Setup:
1. Mongodb with this sample data inside:
db.test.findOne();
{
"_id" : ObjectId("5aa8487d470dd39a635a12f5"),
"name" : "orange",
"context" : {
"time" : ISODate("2018-03-13T21:52:54.940Z"),
"user" : "jack"
}
}
1. Connect with Drill 1.12 and run the query:
select t.context.`time` as `time`, t.context from mongo.test.test t;
The result is:
+------------+---------+
| time | context |
+------------+---------+
| 2018-03-13 |
{"time":{"dayOfYear":72,"year":2018,"dayOfMonth":13,"dayOfWeek":2, ...
},"user":"jack"} |
+------------+---------+
Note how the output formatting of the same field “time” is different depending
on whether the time is shown as a first level column or as a nested JSON field.

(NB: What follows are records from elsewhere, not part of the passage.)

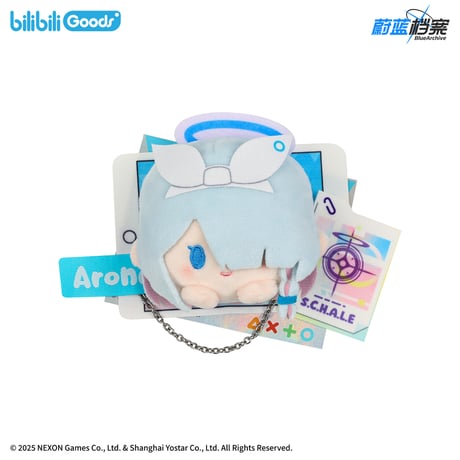 【ブルアカ公式店】 bilibili コラボ マスコット ブローチ 59元 （予約160日以内発送）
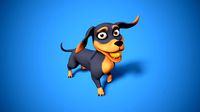 cartoon dachshund
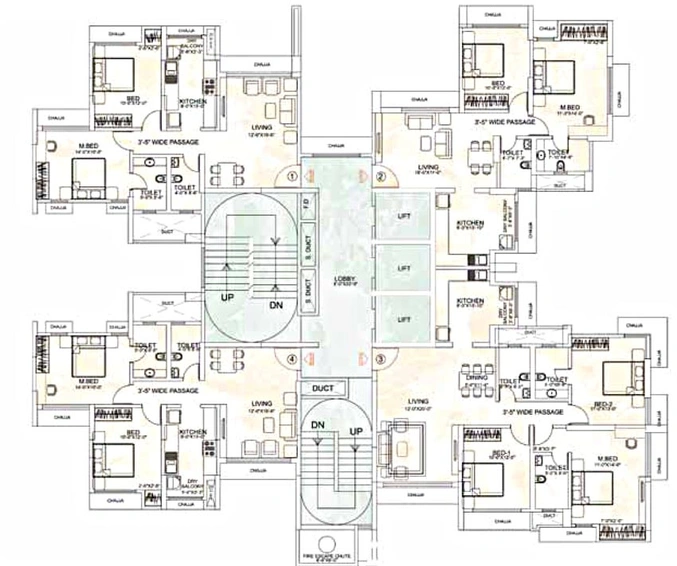 Floor Plan of Neptune Flying Kite in Bhandup West, Mumbai - Image 81048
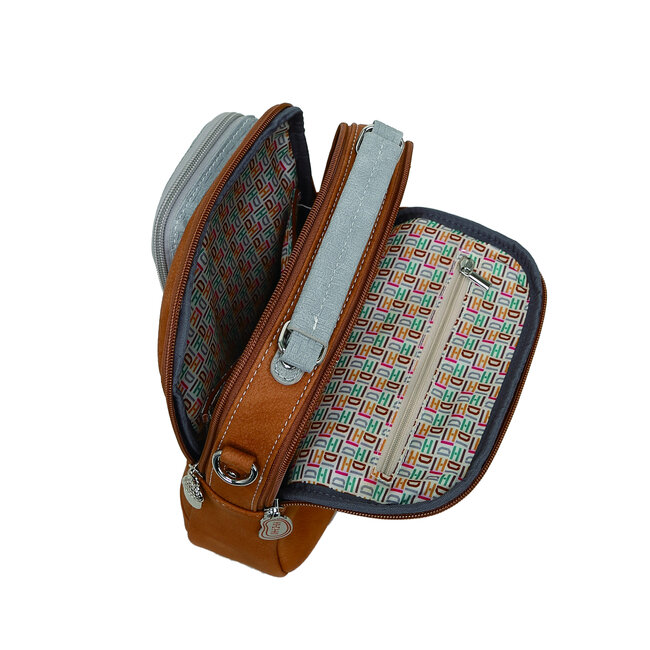 Hi-di-Hi 'Little Climber' Crossbody Bag Orange/L.Grey LCL04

Has anyone seen this behavior?
Looking at the source code, it appears that the JSON output is produced from
JsonStringHashMap.java:79 (org.apache.drill.exec:vector:1.12.0). This class
uses its own ObjectMapper instance to serialize the map.
Would it better to add some Mixin’s to the various complex types that may
appear inside this JsonStringHashMap? For example, DateTime object can be
serialized using the logical representation, rather than the getters of the
DataTime class used by Drill.
Thanks.
-- Jiang